Given the rush to adopt predictive tools in the public sector, there is a strong likelihood that government agencies will use individuals’ personal data to create risk profiles that could interfere with their eligibility for services, government employment, or reunification with family members overseas. Charles Reich warned 50 years ago that state surveillance of the poor can create a “black mark” on someone’s record that can never be escaped. Margaret Hu has aptly described government-generated risk profiles as resulting in “big data blacklisting.” Risk profiles can be shared with a host of federal and state agencies, impacting food-aid recipients’ life opportunities far into the future. Low-income people already face enough barriers to employment; they do not need more.

The proposed National Data Center of the Poor would demean and stigmatize food-aid recipients. As Khiara Bridges argues in The Poverty of Privacy Rights, the state’s collection of personal data from the poor “facilitates social control while revealing [them] as the type of [people] that society wants to control.” By demanding this type of database, proponents are saying that SNAP recipients are the type of people who will abuse public benefits even when the evidence shows otherwise. Automation bias will beset hearing officers, making a bad situation far worse. Because the natural human tendency is to believe computers (after all, they are not biased—it is “just” a computer), hearing officers will more often credit automated findings of fraud without investigating if the data is wrong or if the algorithms produced an inaccurate match.

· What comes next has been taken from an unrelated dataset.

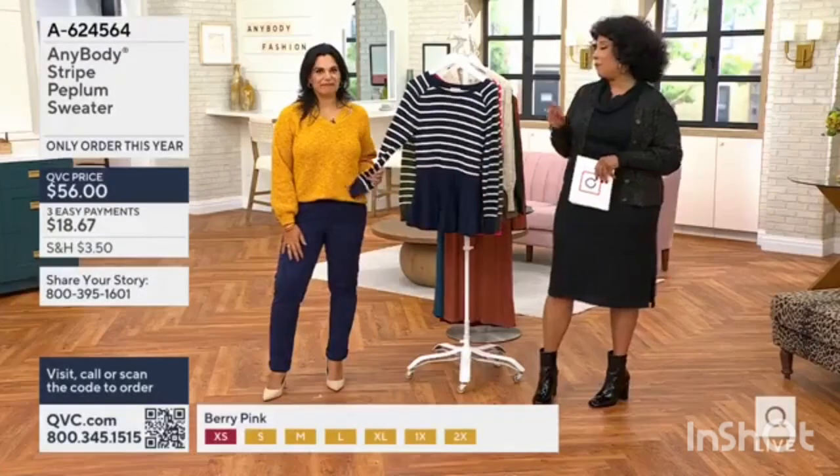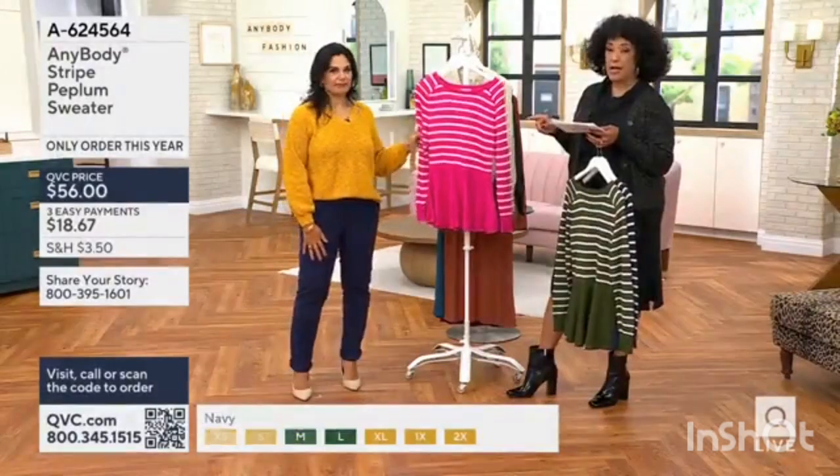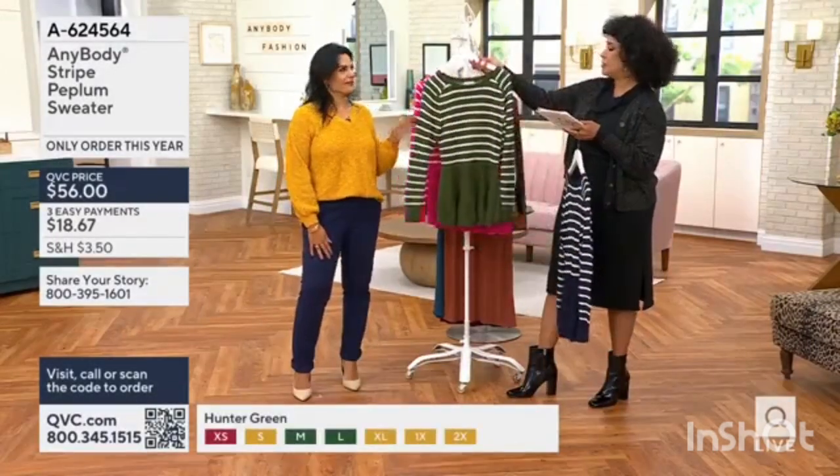The only order we have for the season is in our inventory. Here are the colors. We have 3X — that's how we started. Easy pay is $18.67.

There is a better option, and federal laws likely need not be changed to accomplish it. States could ping one another’s existing databases to ensure that individuals are enrolled in and receiving SNAP benefits from one state at a time. Eligibility workers could do that when people move into their states, ensuring that states where individuals used to live have updated and accurate records. Much like in voting, people remain on the rolls in states where they once lived even though they moved away long before. That simple step would likely eliminate what might otherwise be viewed as fraud. Just as being registered to vote in a state where you no longer live is not a problem (or a potential crime) unless you actually try to vote in two states, having an open SNAP file in a state where you used to live isn’t a problem, let alone a potential crime, unless you actually receive aid in both states.

The bill has been approved by the House Committee on Agriculture and may be brought up for a vote soon. But we don’t need a new federal law to accomplish any of the supposed objectives, let alone one that would create enormous—and costly—privacy risks to individuals and society with negligible benefit.